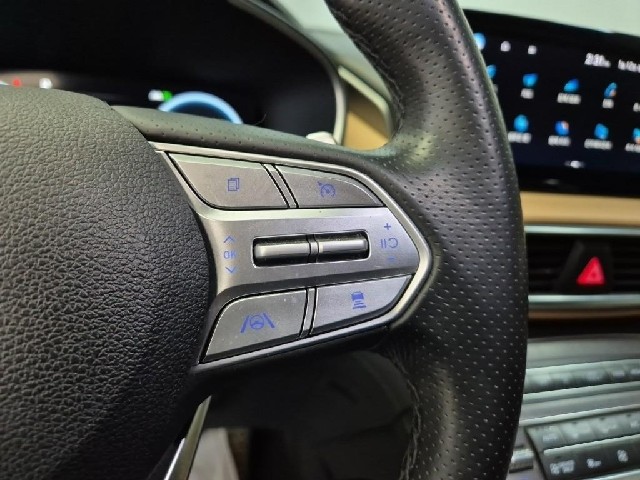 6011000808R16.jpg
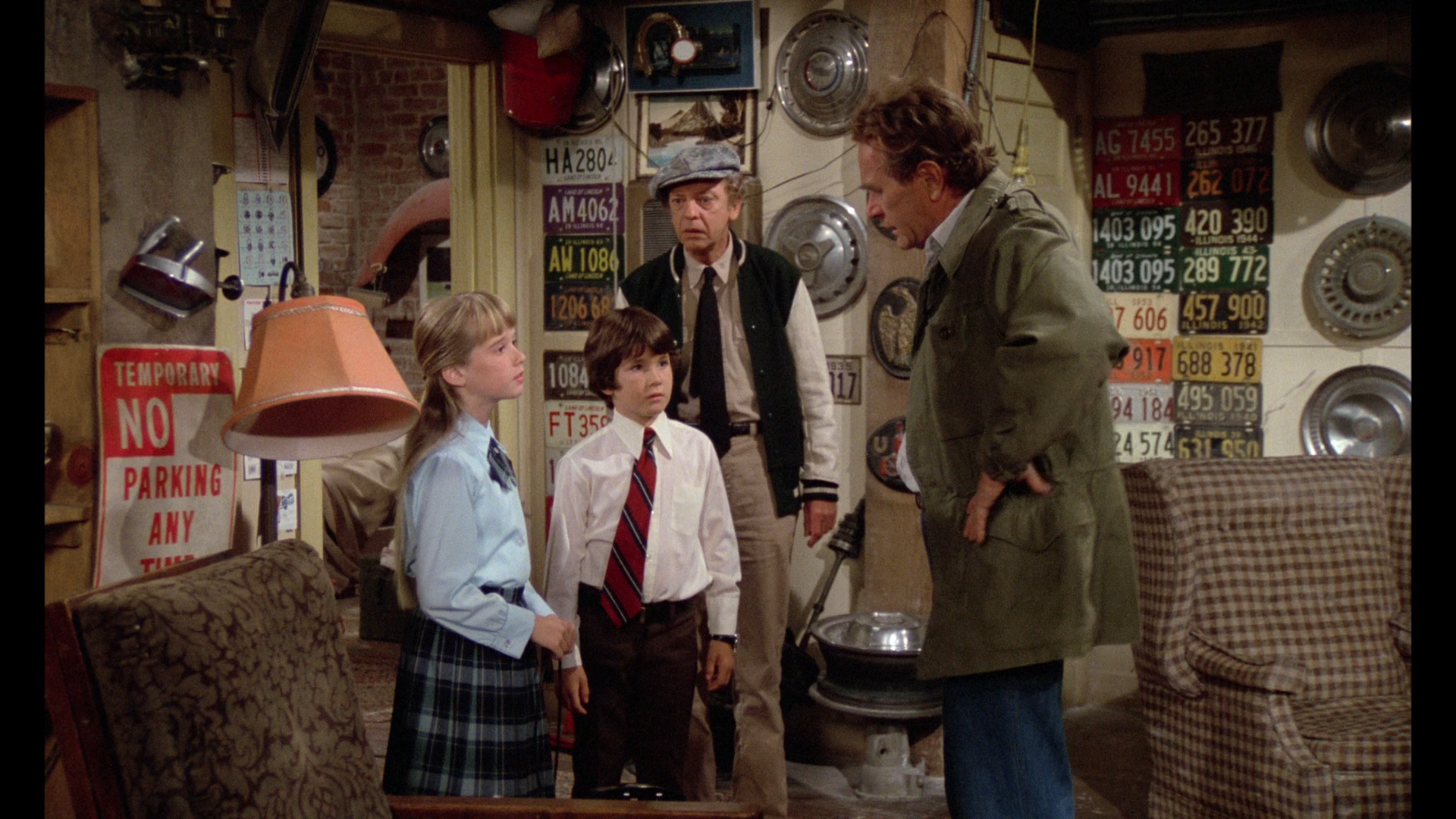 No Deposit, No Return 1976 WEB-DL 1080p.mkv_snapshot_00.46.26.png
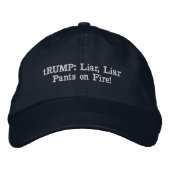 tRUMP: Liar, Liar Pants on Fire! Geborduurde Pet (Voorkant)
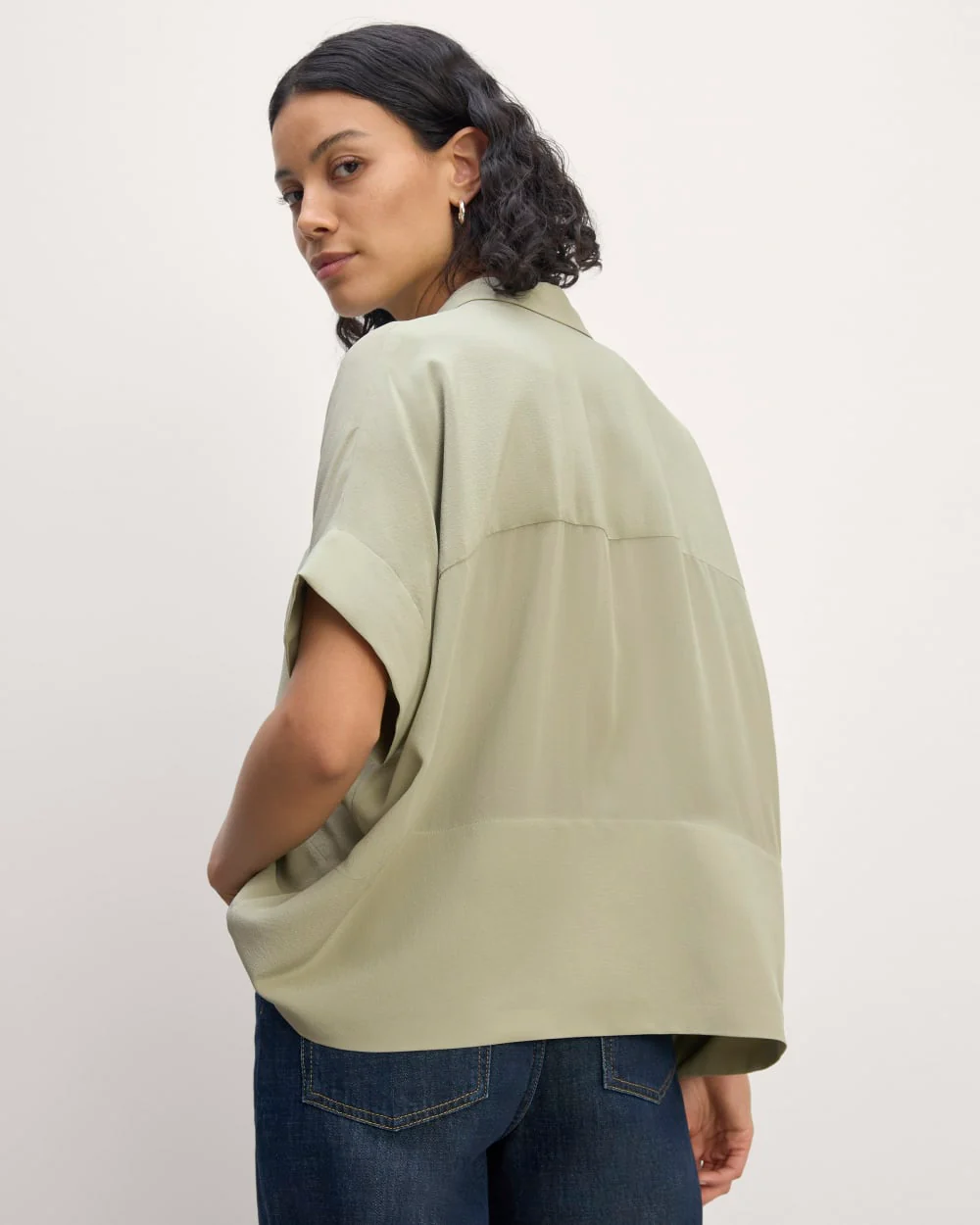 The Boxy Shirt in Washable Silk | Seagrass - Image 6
○ ○ ○ ○ ○
■ **About this exercise**: Reproduce the data above in full, exactly, with the images removed.

■ **Exercise solution**:
 6011000808R16.jpg
 No Deposit, No Return 1976 WEB-DL 1080p.mkv_snapshot_00.46.26.png
 tRUMP: Liar, Liar Pants on Fire! Geborduurde Pet (Voorkant)
 The Boxy Shirt in Washable Silk | Seagrass - Image 6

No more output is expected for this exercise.